═════ Records for the task

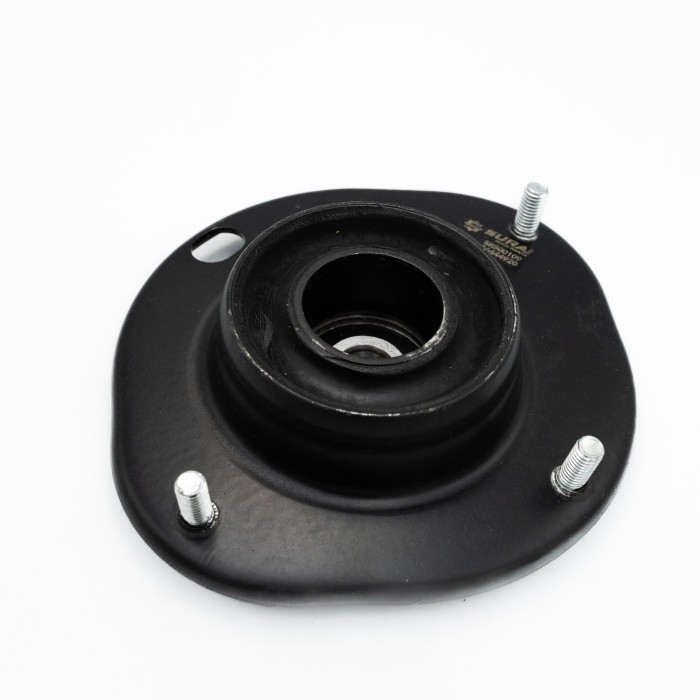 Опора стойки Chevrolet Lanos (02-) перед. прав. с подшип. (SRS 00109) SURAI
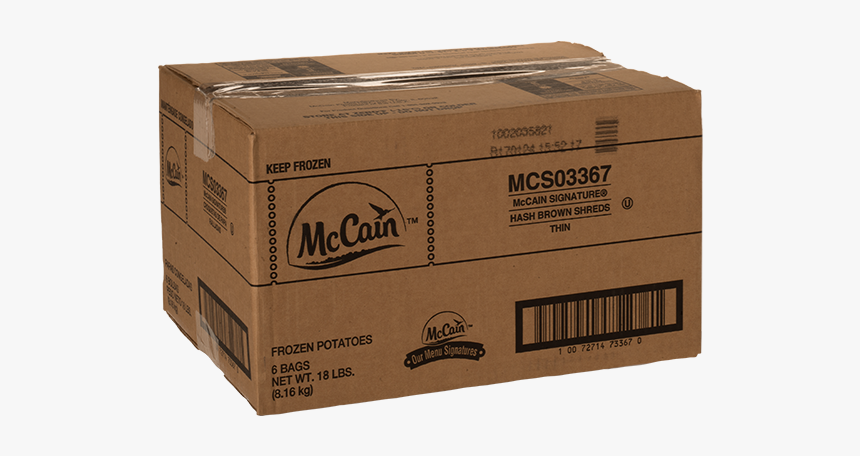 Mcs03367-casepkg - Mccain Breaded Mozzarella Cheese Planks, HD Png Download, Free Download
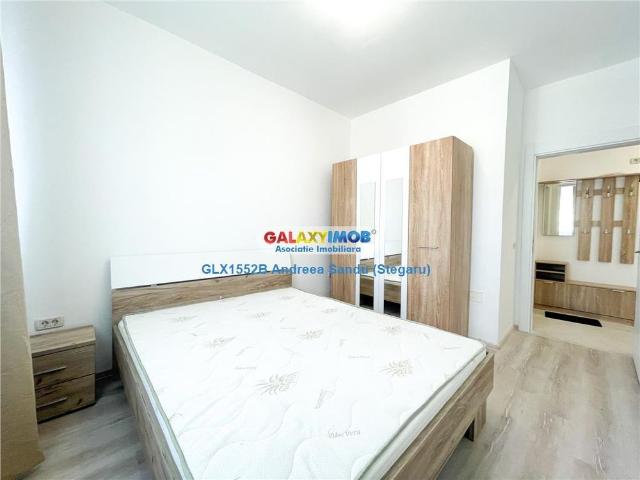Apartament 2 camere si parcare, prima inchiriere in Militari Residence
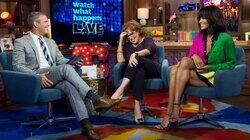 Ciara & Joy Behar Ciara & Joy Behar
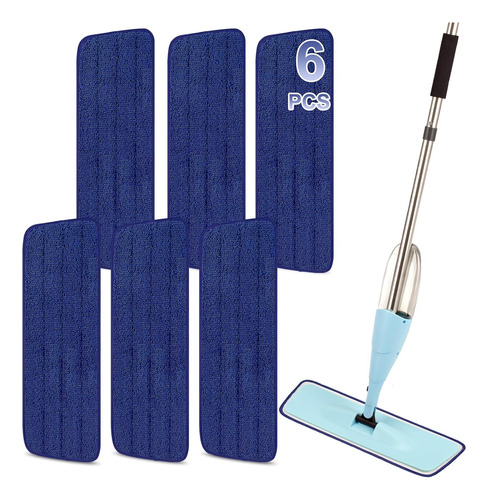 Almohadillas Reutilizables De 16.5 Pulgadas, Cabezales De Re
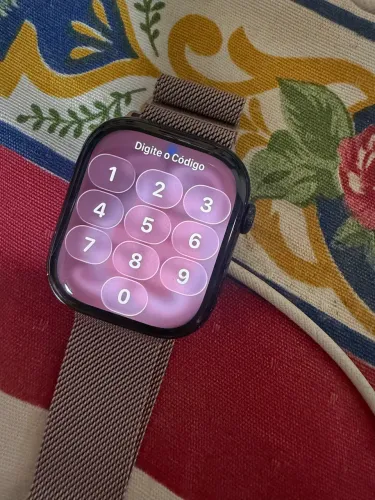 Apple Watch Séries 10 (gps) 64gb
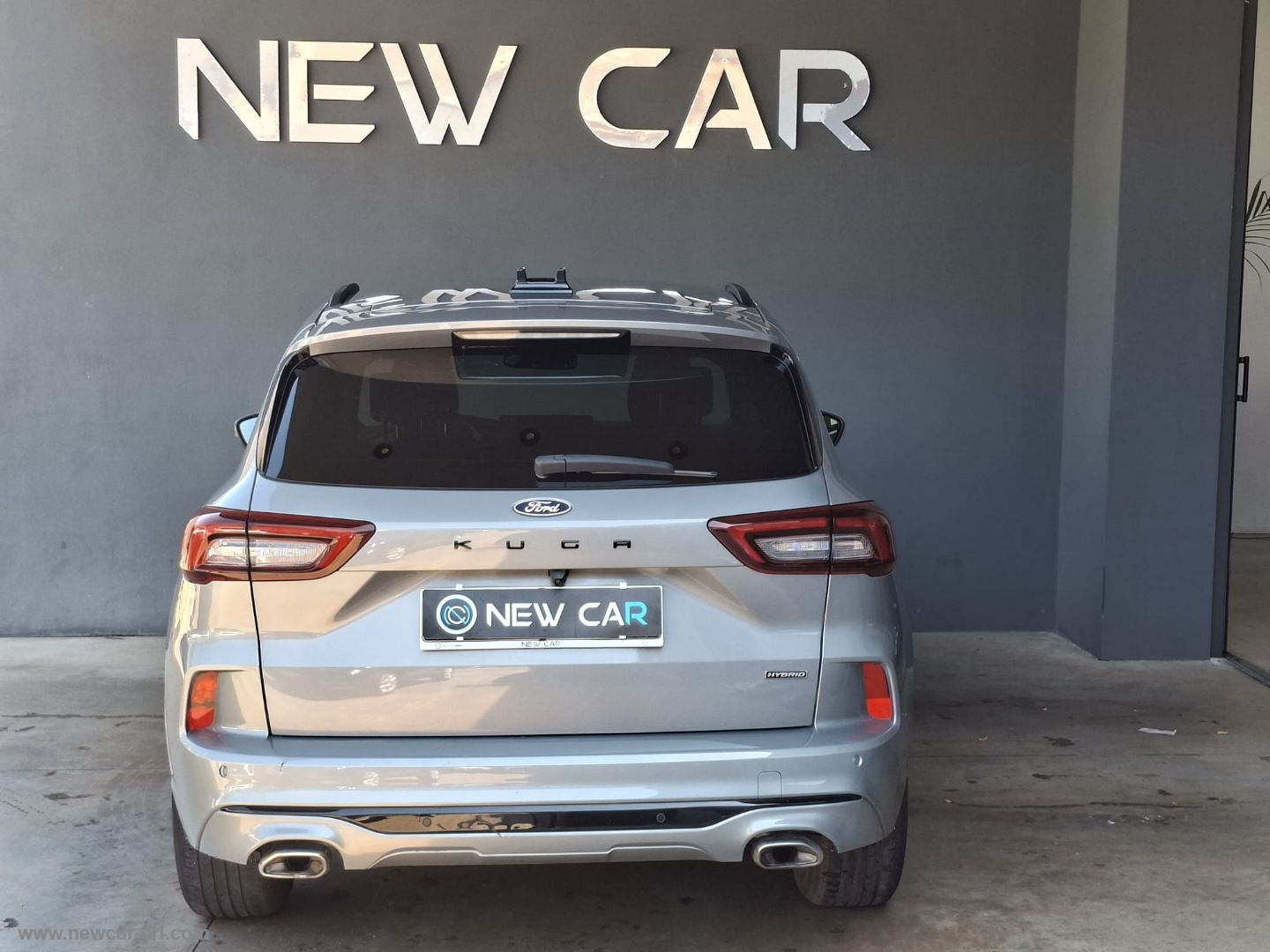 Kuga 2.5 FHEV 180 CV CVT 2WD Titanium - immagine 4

══════════
═════ Records for the task

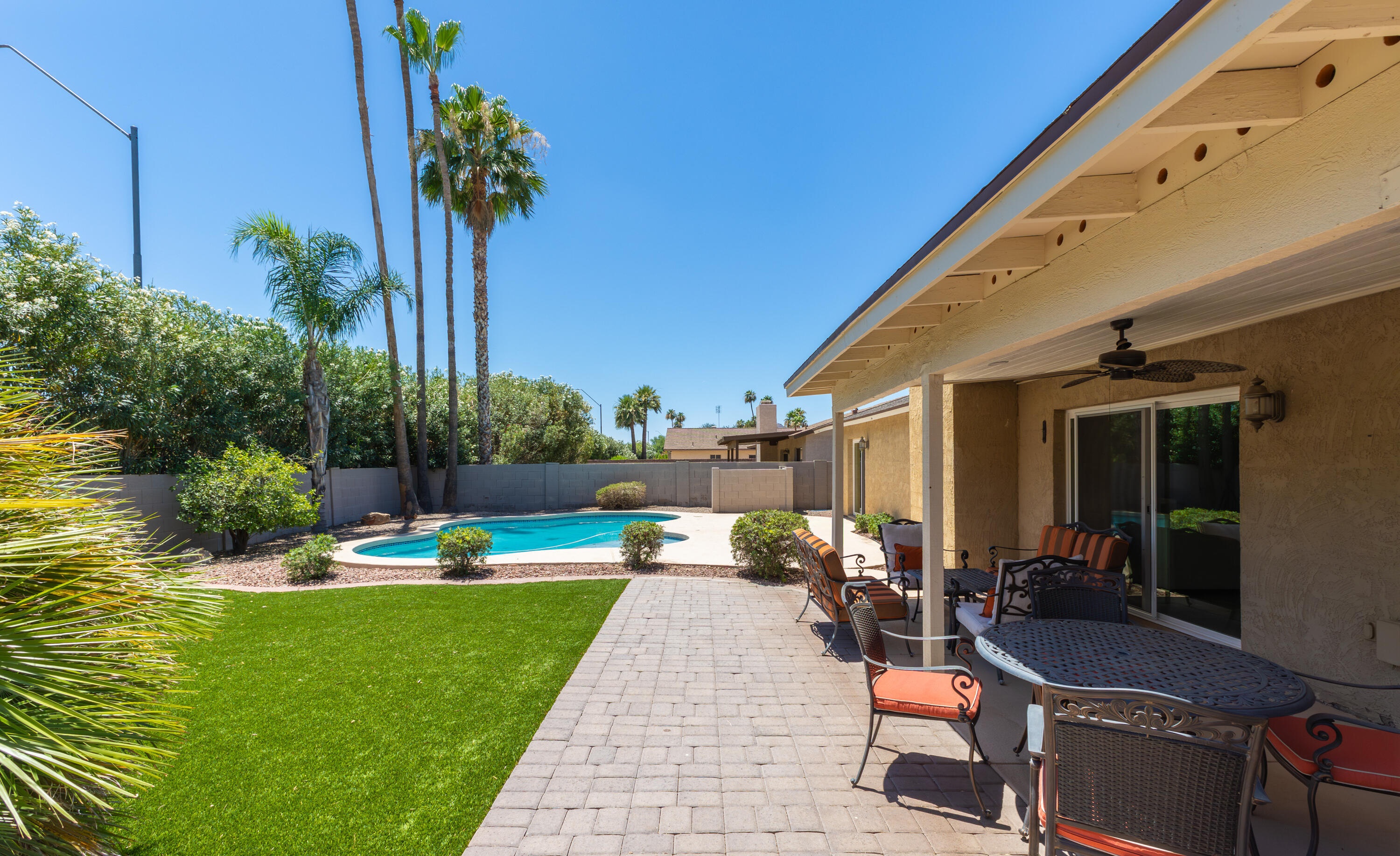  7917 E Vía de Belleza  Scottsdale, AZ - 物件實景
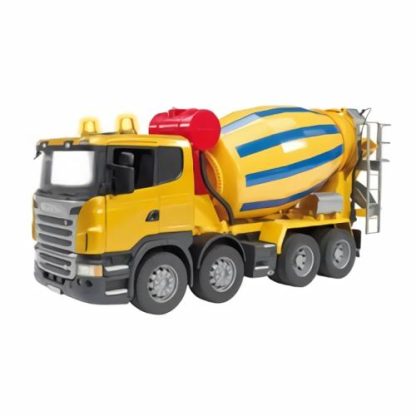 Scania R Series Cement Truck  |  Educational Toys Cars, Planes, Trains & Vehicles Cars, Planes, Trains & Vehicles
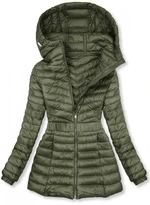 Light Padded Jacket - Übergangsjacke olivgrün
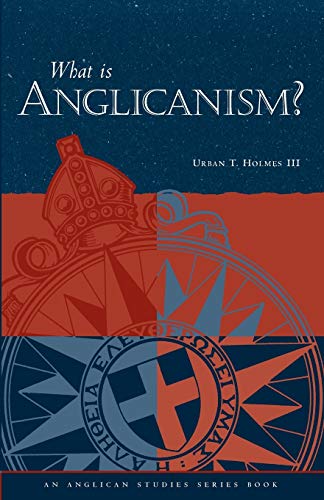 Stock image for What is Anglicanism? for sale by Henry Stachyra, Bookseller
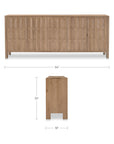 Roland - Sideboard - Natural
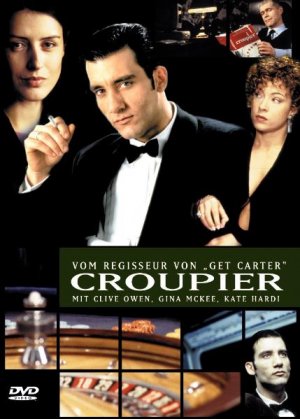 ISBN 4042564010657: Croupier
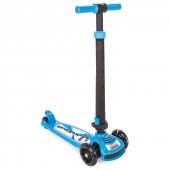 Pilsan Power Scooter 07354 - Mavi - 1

══════════

◆ Problem requirements ◆
Word for word, restate the lines above from the one with "Apartament 2 camere" through the one with "Kuga 2.5 FHEV", keeping both ends and dropping the pictures.

◆ Task answer ◆
Apartament 2 camere si parcare, prima inchiriere in Militari Residence
 Ciara & Joy Behar Ciara & Joy Behar
 Almohadillas Reutilizables De 16.5 Pulgadas, Cabezales De Re
 Apple Watch Séries 10 (gps) 64gb
 Kuga 2.5 FHEV 180 CV CVT 2WD Titanium - immagine 4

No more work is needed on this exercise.